The first hearing before the investigative judge regarding Toveet Radcliff’s death by gunshot wound to the head on February 21, 2015 is scheduled for this coming Monday.

Gavel [Illustrative] (photo credit: INIMAGE)
Gavel [Illustrative]
(photo credit: INIMAGE)
IDF Chief Justice Maj.-Gen. Doron Filis has taken the rare measure of ordering a judge to run an investigation into the controversial death of a black Hebrew female soldier.
Toveet Radcliffe died from a gunshot wound to the head on February 21, 2015. The first hearing before the investigative judge regarding her death is scheduled for Monday.
Normally, only the IDF prosecution directs an investigation.
However, in this case, the IDF prosecution repeatedly refused to treat the case as anything other than a suicide, leading Filis to take the exceptional action of appointing an IDF judge to do the IDF prosecution’s job.
Radcliffe was guarding a Patriot missile battery at the Palmahim Air Force Base near Rishon Lezion at the time of her death. The IDF closed its investigation into the incident in January 2016, dubbing it a suicide and finding that no one else was involved.
Filis’s ruling and Monday’s hearing do not mean that others were involved or that Radcliffe’s death was a murder.
But it does mean that those possibilities are being taken seriously by the IDF’s highest judge.
The case is also exceptional because of Racliffe’s background, both as a woman and as a member of the small sect of black Hebrews, African- Americans who started to move to the Dimona area in 1969.
The sect incorporates aspects of both Judaism and Christianity and has often had tense relations with mainstream Israeli institutions.

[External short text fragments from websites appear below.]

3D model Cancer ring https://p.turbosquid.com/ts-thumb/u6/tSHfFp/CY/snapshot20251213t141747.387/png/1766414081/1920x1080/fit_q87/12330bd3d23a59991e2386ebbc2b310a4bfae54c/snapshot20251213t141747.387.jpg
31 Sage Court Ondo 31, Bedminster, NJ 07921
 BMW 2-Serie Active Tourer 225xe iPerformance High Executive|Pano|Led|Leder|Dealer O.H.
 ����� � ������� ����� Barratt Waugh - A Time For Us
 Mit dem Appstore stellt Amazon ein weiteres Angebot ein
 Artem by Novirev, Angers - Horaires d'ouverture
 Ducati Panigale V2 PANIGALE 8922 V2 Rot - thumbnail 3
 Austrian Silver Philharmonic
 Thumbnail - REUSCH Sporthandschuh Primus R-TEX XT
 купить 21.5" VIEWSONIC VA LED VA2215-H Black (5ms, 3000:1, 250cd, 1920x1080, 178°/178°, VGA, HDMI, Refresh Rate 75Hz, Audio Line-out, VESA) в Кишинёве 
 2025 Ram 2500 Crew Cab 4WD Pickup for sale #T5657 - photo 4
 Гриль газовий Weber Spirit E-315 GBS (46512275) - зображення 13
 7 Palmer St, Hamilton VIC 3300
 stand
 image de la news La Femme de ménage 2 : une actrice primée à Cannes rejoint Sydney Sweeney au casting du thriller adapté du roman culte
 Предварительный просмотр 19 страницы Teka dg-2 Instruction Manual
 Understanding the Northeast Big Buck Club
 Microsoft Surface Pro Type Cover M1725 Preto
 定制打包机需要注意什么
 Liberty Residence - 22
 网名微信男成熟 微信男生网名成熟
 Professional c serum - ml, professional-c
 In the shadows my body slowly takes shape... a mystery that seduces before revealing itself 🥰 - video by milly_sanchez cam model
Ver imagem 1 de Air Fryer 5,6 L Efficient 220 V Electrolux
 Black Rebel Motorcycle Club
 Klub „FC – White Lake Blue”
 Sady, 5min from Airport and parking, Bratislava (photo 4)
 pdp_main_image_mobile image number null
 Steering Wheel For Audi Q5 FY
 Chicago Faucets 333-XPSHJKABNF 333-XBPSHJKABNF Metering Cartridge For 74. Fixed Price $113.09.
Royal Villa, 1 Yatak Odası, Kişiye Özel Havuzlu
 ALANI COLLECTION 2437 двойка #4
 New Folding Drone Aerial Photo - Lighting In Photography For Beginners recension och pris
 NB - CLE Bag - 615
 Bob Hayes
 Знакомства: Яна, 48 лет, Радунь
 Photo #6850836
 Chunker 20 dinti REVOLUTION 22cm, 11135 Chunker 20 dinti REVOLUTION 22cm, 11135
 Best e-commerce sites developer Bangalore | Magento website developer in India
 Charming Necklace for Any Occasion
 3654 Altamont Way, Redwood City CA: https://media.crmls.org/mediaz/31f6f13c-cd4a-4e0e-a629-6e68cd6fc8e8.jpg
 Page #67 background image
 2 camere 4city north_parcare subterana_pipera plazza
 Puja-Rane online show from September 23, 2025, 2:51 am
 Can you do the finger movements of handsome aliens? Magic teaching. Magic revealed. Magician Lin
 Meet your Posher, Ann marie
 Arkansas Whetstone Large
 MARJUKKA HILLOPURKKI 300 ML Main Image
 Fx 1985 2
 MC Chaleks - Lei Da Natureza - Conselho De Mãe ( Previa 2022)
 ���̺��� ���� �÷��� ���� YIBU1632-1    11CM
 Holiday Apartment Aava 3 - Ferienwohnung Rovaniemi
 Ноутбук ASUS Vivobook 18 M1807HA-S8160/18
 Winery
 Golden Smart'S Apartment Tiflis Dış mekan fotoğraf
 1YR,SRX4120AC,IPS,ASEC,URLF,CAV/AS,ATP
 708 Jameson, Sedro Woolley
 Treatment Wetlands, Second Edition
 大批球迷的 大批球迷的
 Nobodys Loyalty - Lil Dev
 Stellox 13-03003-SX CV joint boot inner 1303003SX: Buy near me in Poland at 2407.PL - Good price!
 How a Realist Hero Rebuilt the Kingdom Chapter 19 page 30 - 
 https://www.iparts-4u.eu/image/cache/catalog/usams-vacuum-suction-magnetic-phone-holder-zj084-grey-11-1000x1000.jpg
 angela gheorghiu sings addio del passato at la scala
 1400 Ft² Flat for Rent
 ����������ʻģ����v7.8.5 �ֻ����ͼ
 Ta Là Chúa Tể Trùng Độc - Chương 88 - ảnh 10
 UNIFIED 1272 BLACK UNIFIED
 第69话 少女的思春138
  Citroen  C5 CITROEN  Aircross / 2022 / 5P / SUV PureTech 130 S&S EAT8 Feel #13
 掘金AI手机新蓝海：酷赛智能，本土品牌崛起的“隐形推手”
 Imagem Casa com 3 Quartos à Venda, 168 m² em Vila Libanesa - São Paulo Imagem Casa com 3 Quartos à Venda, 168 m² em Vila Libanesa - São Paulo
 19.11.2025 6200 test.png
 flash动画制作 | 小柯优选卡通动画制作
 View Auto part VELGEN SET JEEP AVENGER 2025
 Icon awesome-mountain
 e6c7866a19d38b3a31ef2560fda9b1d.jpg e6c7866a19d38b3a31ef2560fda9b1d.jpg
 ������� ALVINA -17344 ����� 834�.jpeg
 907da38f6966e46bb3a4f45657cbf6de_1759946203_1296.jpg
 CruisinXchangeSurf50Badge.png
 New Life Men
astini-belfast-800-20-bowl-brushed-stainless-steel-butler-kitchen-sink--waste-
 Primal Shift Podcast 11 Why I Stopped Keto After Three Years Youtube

That made Radcliffe – the group’s first female member to become a combat soldier – even more unusual.
Some members of Radcliffe’s family claim she was murdered and that the military police and prosecution have covered it up; others have suggested the probe was performed incompetently.
In his ruling, Filis wrote that the military police and prosecution did not properly interview all relevant witnesses, allowed tampering with key pieces of evidence and failed to explore evidence which might have led to a theory of murder.
“Alternative directions for the investigation which arose from the existing evidence, which were not previously checked and about which it was declared that they would not be checked” in the future, were too large to ignore, Filis wrote.
Essentially, Filis said the military police and the prosecution jumped on the suicide theory from the start and never looked back, despite various signs to the contrary and potential contradictions.
“There was a decision to appoint an investigative judge to check the reasons for her death... The probe by the military police was insufficient,” the Radcliffe’s family lawyer, Yafit Weisbuch, said in response to the decision and the upcoming hearing.
An IDF spokesman acknowledged Filis’s decision to appoint an investigative judge to further evaluate the background of Radcliffe’s death, though the IDF position has been that there is no evidence of another individual having been involved.